Prosecutor Daniel Collins argued for a tough punishment that would deter others who would take part in similar plots and reflect the seriousness of the offense.

"There's not much worse than mass murder of this scale," he said of the plot, which was not ultimately carried out.

The judge responded that he doubted any sentence he imposed would deter anyone bent on committing a terrorist attack.

"Seems to me that people determined to carry out terrorism really don't care what happens to them," Leinenweber said. He added, however, that a long sentence would help prevent Rana from taking part in any future terrorist activity.

The judge also rejected the government's argument that the plot against the Danish newspaper was meant as a broader attack against the Danish government, amounting to an act of terrorism that should mean a harsher sentence.

Leinenweber said it seemed clear the plot was solely targeting an independent newspaper on private property, and was likely intended to intimidate other media outlets that might defame Islam or its prophet.

The defense attorney, Blegen, also noted that there was no shortage of government targets in Copenhagen if they had wanted to strike at Denmark's leaders.

Rana's wife was not present at Thursday's sentencing, and the defense attorney said the woman, a Canadian citizen, was recently denied entry to the United States.

Rana was also accused of allowing Headley to open a branch of his Chicago-based immigration law business in Mumbai as a cover story and travel as a representative of the company in Denmark. In court, a travel agent showed how Rana booked travel for Headley.

At the trial defense attorneys chipped away at Headley's credibility, portraying him as a manipulator and habitual liar. Jurors' decision not to convict Rana on all counts could suggest they weren't fully convinced by Headley.

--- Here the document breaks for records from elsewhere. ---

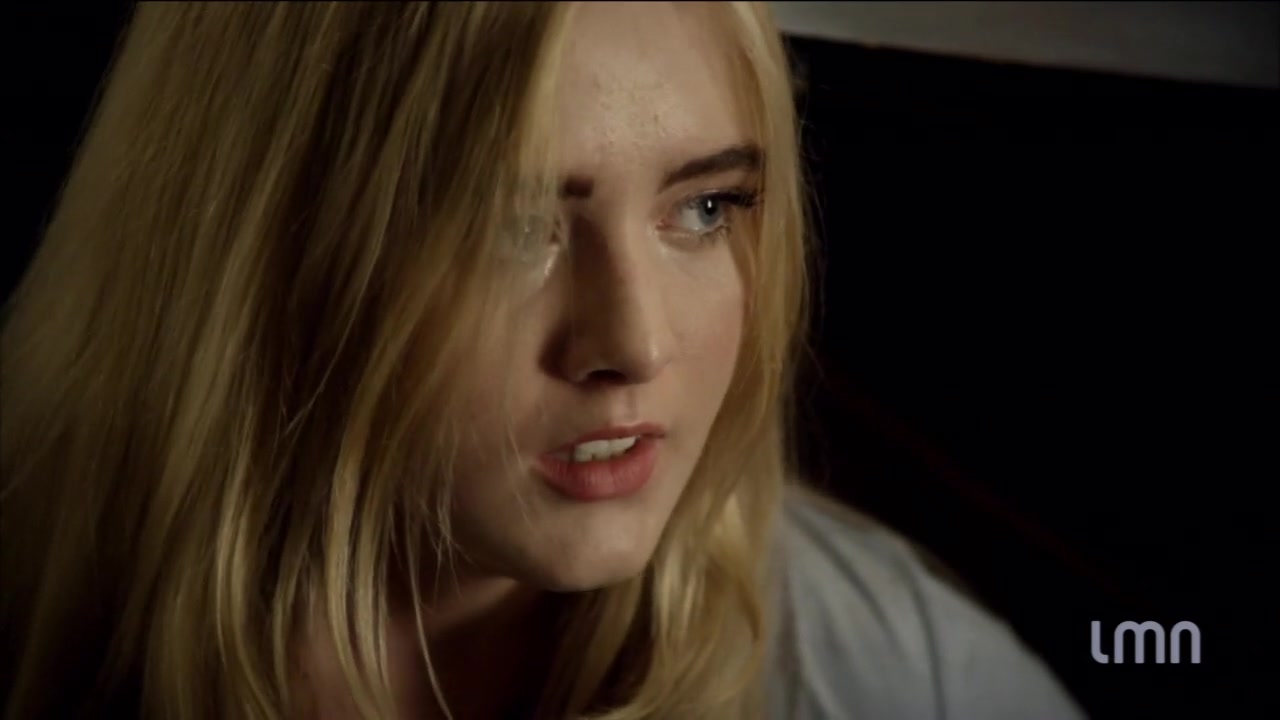 The_Maid_2016_720p_HDTV_X264_Solar_4282.jpg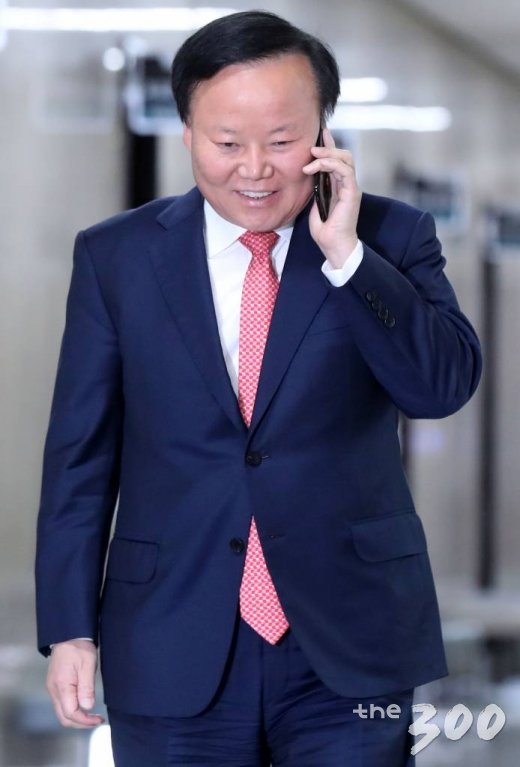 김재원 국회 예산결산특위원장이 14일 오전 서울 여의도 국회에서 열린 예결위소위원회의에 참석하며 통화하고 있다. / 사진=홍봉진 기자 honggga@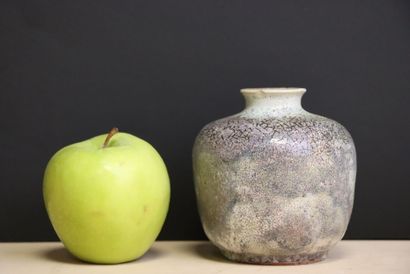 Anna SMITH ( XX°)
Petit vase en grès émaillé,...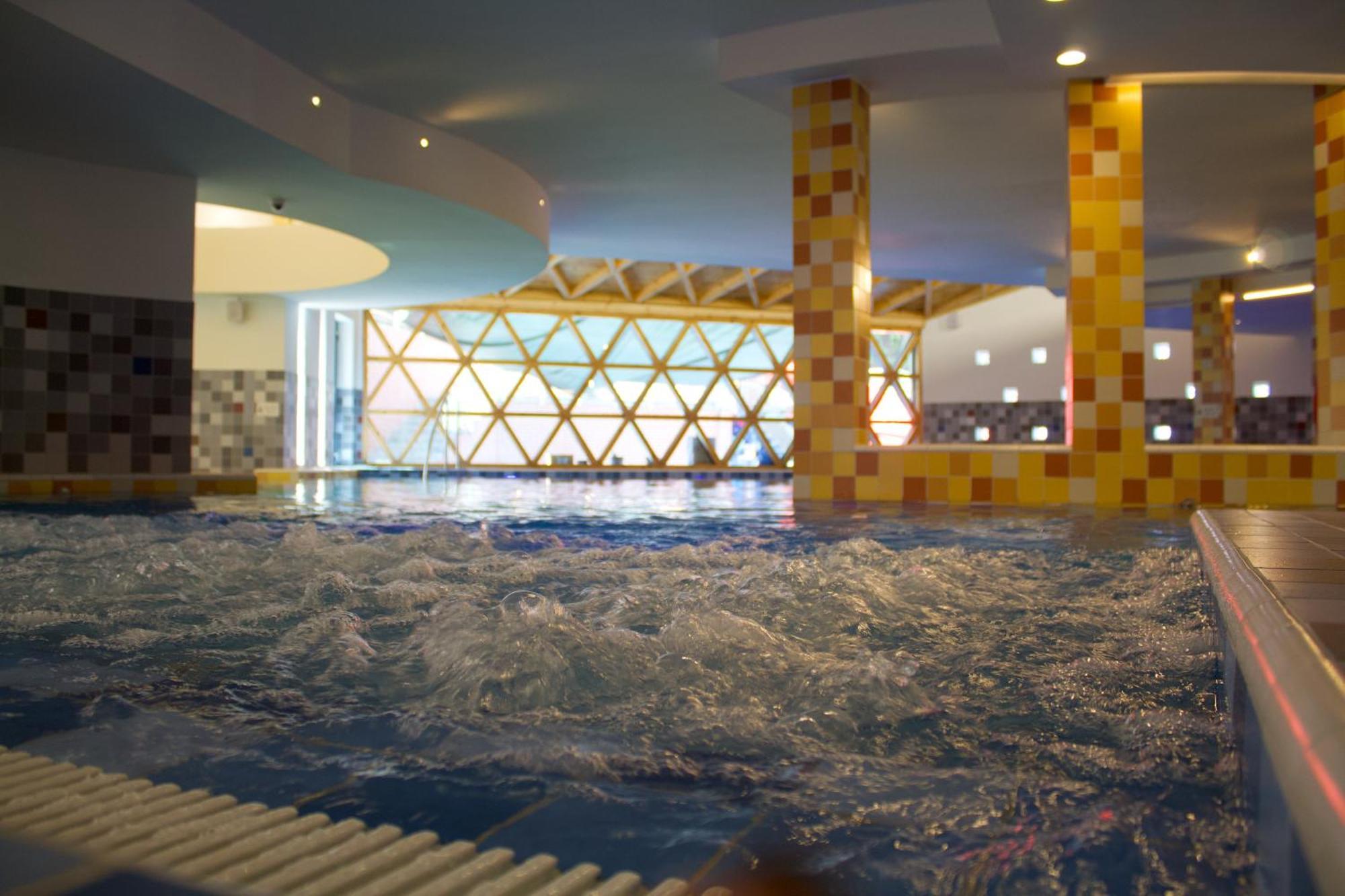 Hotel Crystal Wellness & Spa Superior Sovata Bagian luar foto
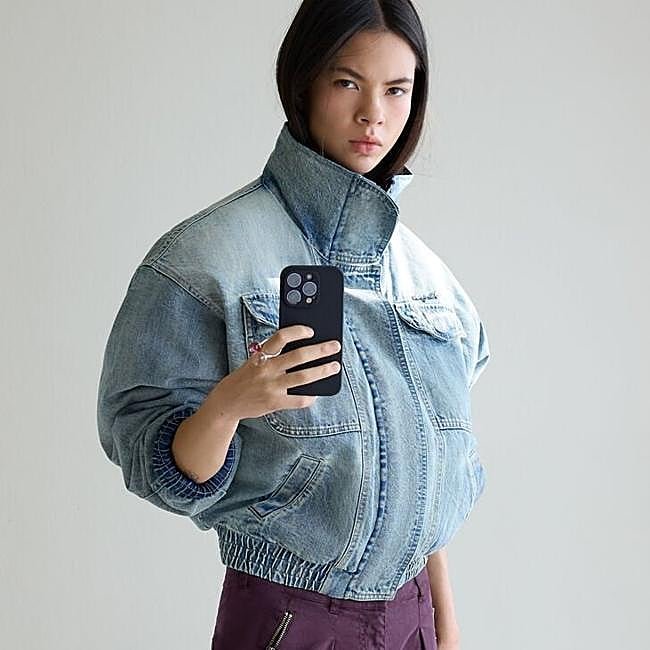 Cazadora denim oversize de Desigual, 99,50 euros.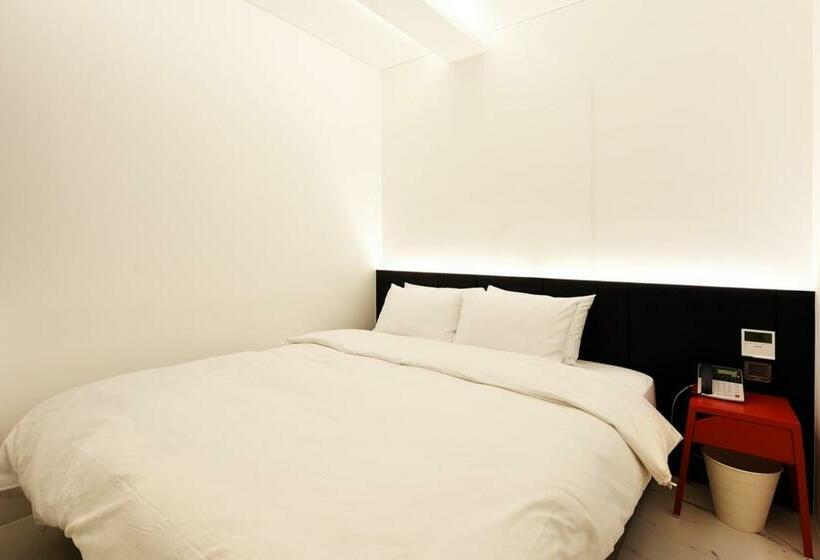 Номер Superior, Infini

Rana's trial in 2011 came just weeks after Navy SEALs found Osama bin Laden hiding in Pakistan. Some observers had expected testimony could reveal details about alleged links between ISI and Lashkar-e-Taiba. In the end, though, much that came out in testimony had been heard before through indictments and a report released by India's government.

The Pakistani government has maintained it did not know about bin Laden or help plan the Mumbai attacks.